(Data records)
--- START ---

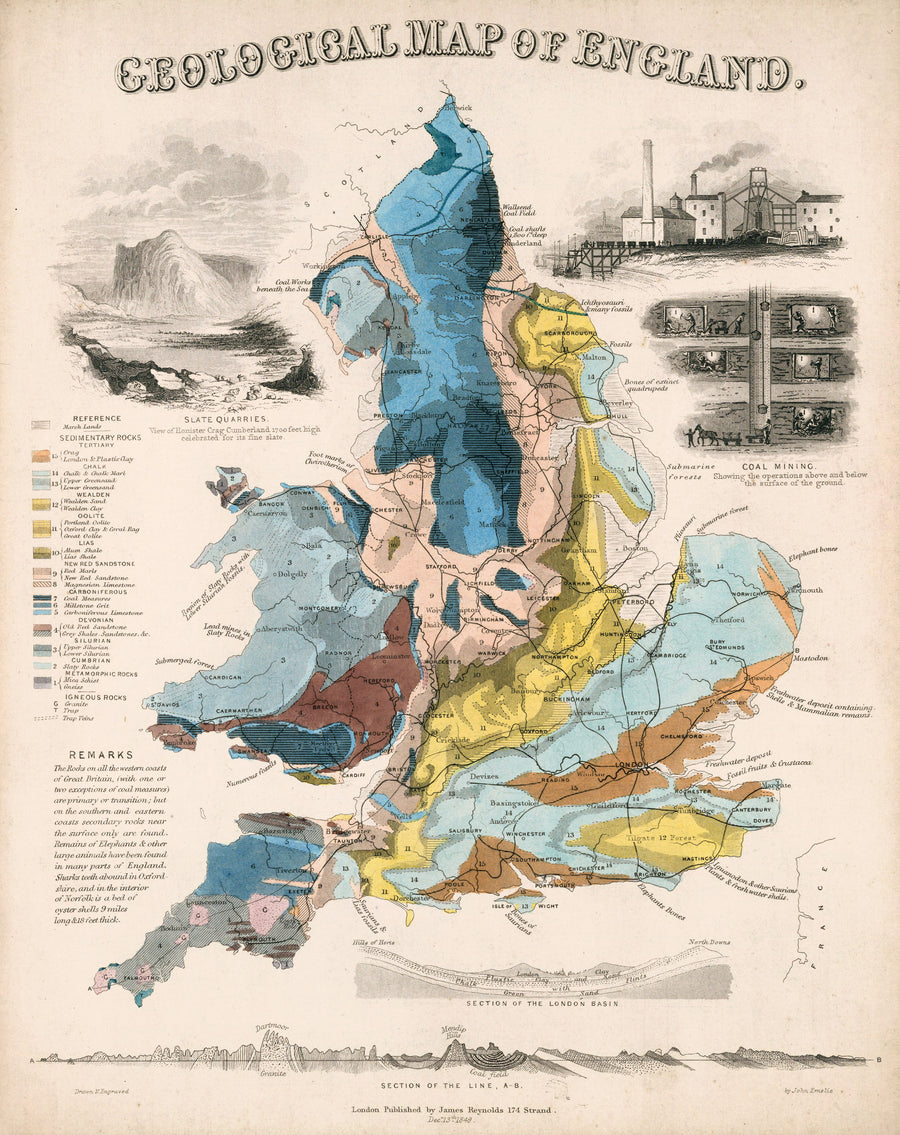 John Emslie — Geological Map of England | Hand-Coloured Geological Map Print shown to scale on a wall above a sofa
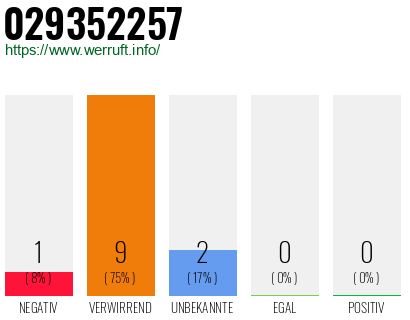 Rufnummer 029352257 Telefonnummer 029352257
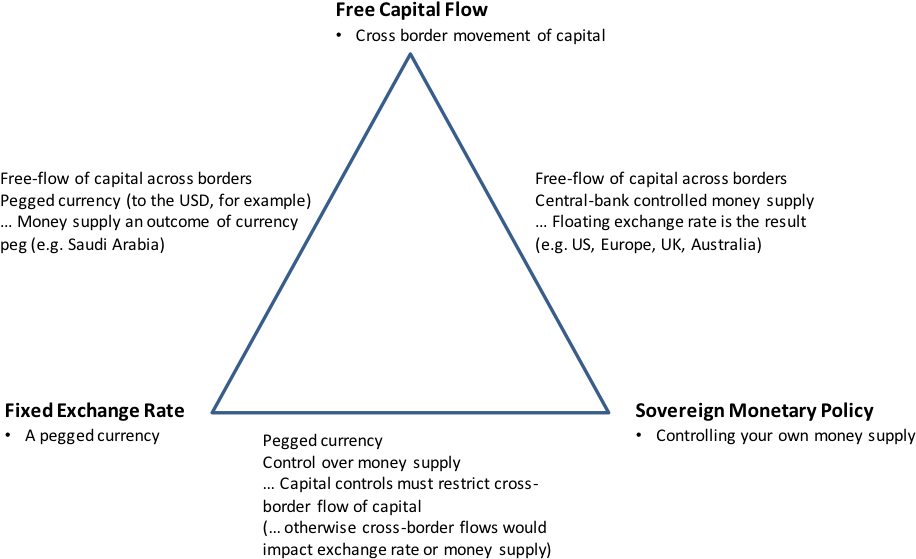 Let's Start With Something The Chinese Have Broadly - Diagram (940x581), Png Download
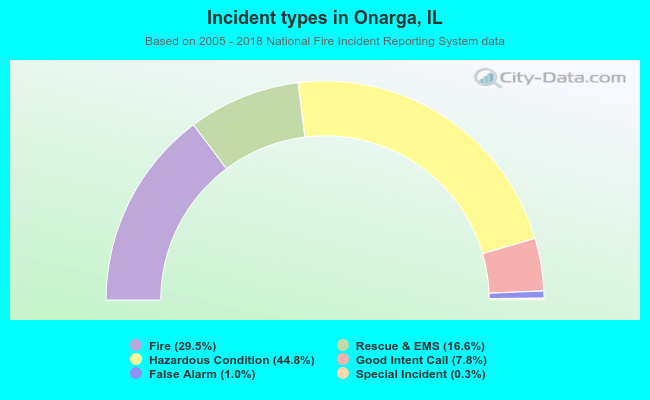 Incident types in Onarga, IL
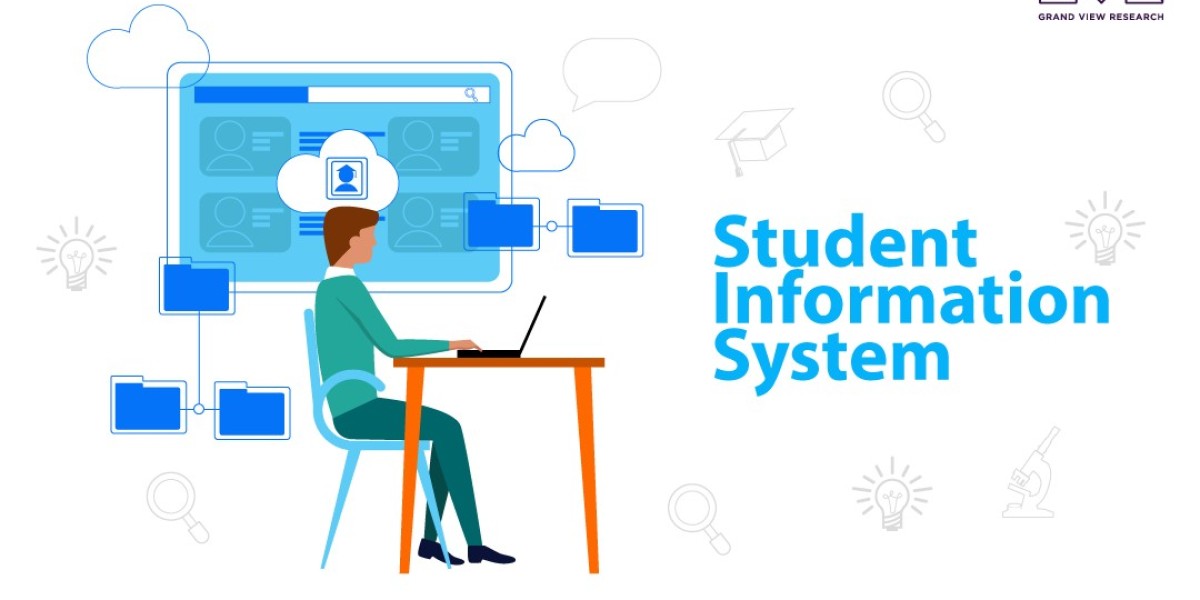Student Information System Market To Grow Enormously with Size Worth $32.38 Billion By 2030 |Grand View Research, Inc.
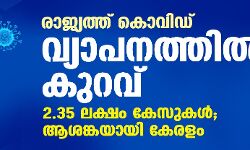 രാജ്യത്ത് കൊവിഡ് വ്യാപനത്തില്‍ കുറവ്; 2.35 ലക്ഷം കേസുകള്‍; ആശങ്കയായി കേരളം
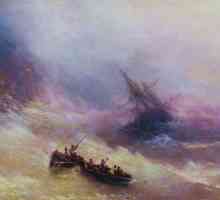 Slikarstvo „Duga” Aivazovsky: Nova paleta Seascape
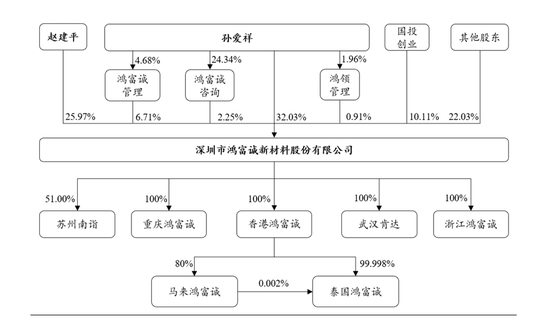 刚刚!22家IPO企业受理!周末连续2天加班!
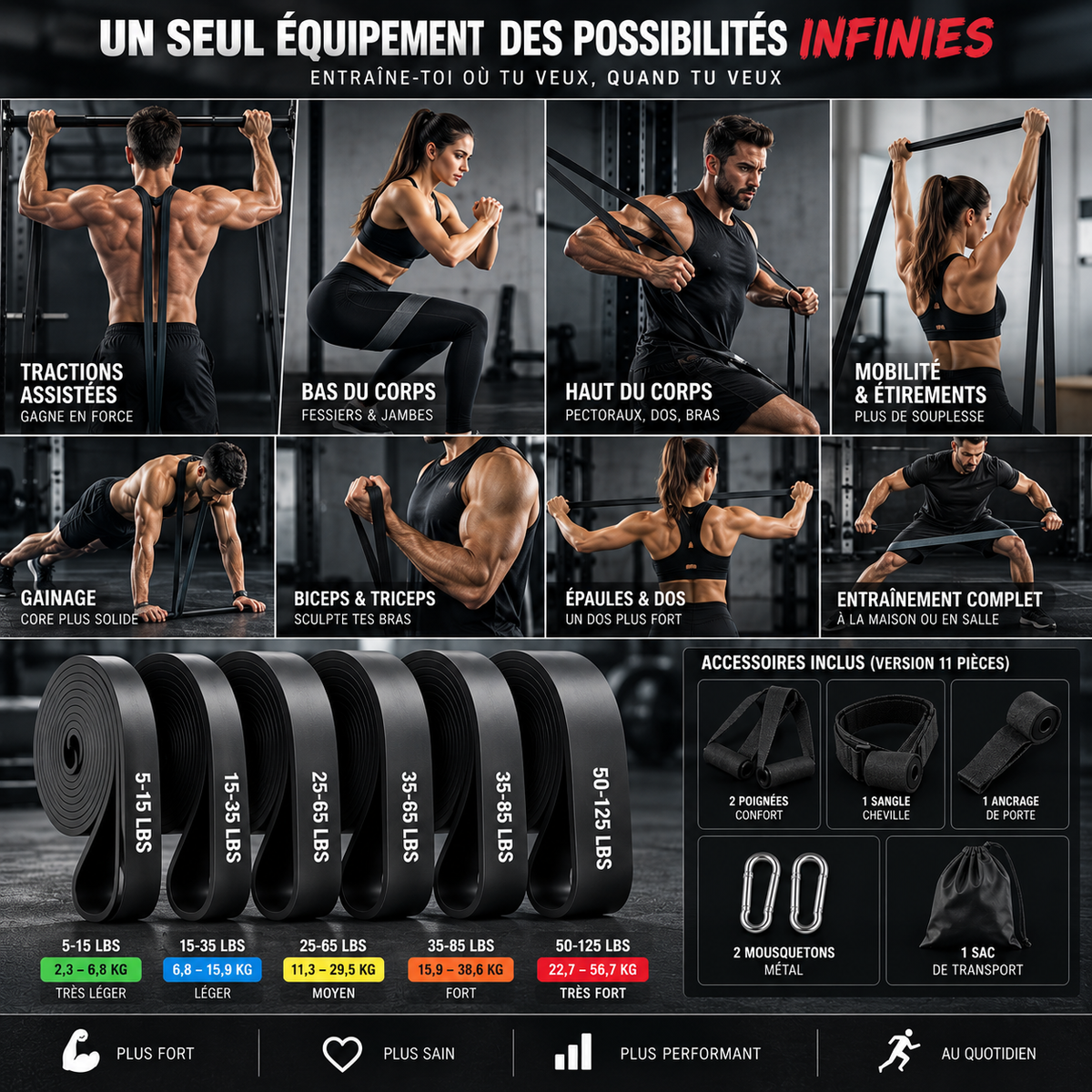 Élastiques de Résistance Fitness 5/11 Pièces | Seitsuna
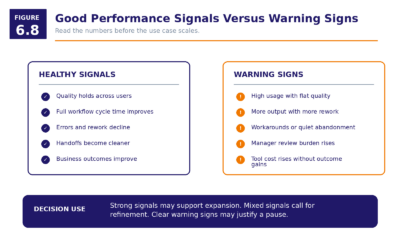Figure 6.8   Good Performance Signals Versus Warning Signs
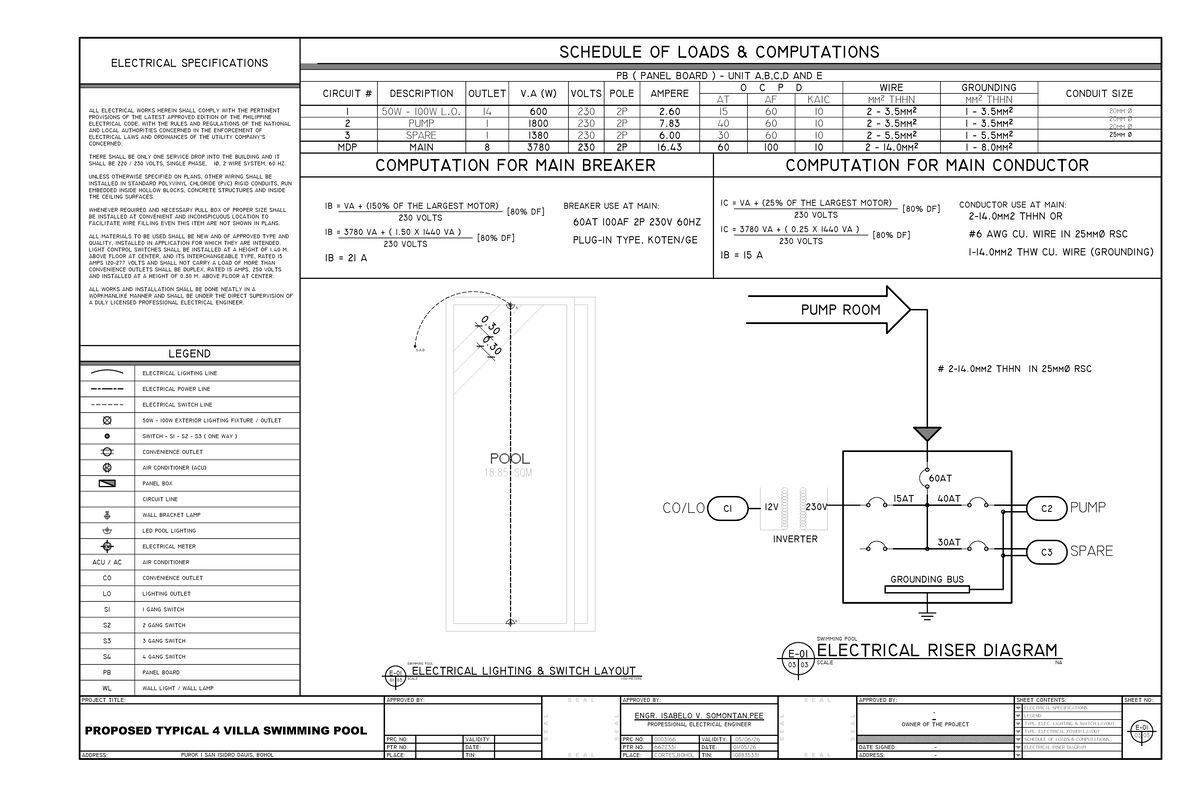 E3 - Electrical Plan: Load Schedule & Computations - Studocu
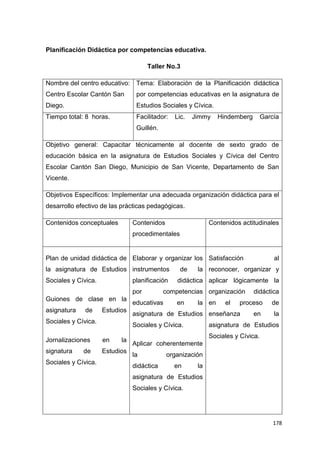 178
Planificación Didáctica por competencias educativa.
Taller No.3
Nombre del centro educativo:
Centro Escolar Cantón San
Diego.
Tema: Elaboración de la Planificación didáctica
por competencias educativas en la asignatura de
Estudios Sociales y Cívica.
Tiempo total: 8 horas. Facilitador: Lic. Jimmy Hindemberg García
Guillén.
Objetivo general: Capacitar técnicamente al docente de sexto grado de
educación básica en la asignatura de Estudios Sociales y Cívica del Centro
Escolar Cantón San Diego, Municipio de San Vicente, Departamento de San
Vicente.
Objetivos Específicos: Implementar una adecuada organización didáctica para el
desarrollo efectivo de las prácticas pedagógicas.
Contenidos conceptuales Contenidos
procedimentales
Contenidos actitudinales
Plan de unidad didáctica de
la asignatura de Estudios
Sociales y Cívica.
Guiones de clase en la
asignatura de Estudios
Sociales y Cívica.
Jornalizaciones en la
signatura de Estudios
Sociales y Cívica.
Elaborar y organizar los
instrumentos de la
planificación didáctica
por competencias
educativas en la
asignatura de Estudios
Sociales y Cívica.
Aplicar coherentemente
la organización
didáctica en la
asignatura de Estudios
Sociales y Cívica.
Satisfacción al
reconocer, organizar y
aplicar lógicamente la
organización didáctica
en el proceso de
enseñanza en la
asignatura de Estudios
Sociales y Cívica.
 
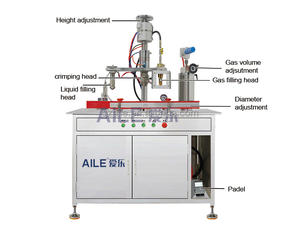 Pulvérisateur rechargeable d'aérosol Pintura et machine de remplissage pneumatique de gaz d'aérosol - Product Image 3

--- END ---

Every record must be copied exactly, with images dropped from the result.

 John Emslie — Geological Map of England | Hand-Coloured Geological Map Print shown to scale on a wall above a sofa
 Rufnummer 029352257 Telefonnummer 029352257
 Let's Start With Something The Chinese Have Broadly - Diagram (940x581), Png Download
 Incident types in Onarga, IL
Student Information System Market To Grow Enormously with Size Worth $32.38 Billion By 2030 |Grand View Research, Inc.
 രാജ്യത്ത് കൊവിഡ് വ്യാപനത്തില്‍ കുറവ്; 2.35 ലക്ഷം കേസുകള്‍; ആശങ്കയായി കേരളം
 Slikarstvo „Duga” Aivazovsky: Nova paleta Seascape
 刚刚!22家IPO企业受理!周末连续2天加班!
 Élastiques de Résistance Fitness 5/11 Pièces | Seitsuna
Figure 6.8   Good Performance Signals Versus Warning Signs
 E3 - Electrical Plan: Load Schedule & Computations - Studocu
 178
Planificación Didáctica por competencias educativa.
Taller No.3
Nombre del centro educativo:
Centro Escolar Cantón San
Diego.
Tema: Elaboración de la Planificación didáctica
por competencias educativas en la asignatura de
Estudios Sociales y Cívica.
Tiempo total: 8 horas. Facilitador: Lic. Jimmy Hindemberg García
Guillén.
Objetivo general: Capacitar técnicamente al docente de sexto grado de
educación básica en la asignatura de Estudios Sociales y Cívica del Centro
Escolar Cantón San Diego, Municipio de San Vicente, Departamento de San
Vicente.
Objetivos Específicos: Implementar una adecuada organización didáctica para el
desarrollo efectivo de las prácticas pedagógicas.
Contenidos conceptuales Contenidos
procedimentales
Contenidos actitudinales
Plan de unidad didáctica de
la asignatura de Estudios
Sociales y Cívica.
Guiones de clase en la
asignatura de Estudios
Sociales y Cívica.
Jornalizaciones en la
signatura de Estudios
Sociales y Cívica.
Elaborar y organizar los
instrumentos de la
planificación didáctica
por competencias
educativas en la
asignatura de Estudios
Sociales y Cívica.
Aplicar coherentemente
la organización
didáctica en la
asignatura de Estudios
Sociales y Cívica.
Satisfacción al
reconocer, organizar y
aplicar lógicamente la
organización didáctica
en el proceso de
enseñanza en la
asignatura de Estudios
Sociales y Cívica.
 
 Pulvérisateur rechargeable d'aérosol Pintura et machine de remplissage pneumatique de gaz d'aérosol - Product Image 3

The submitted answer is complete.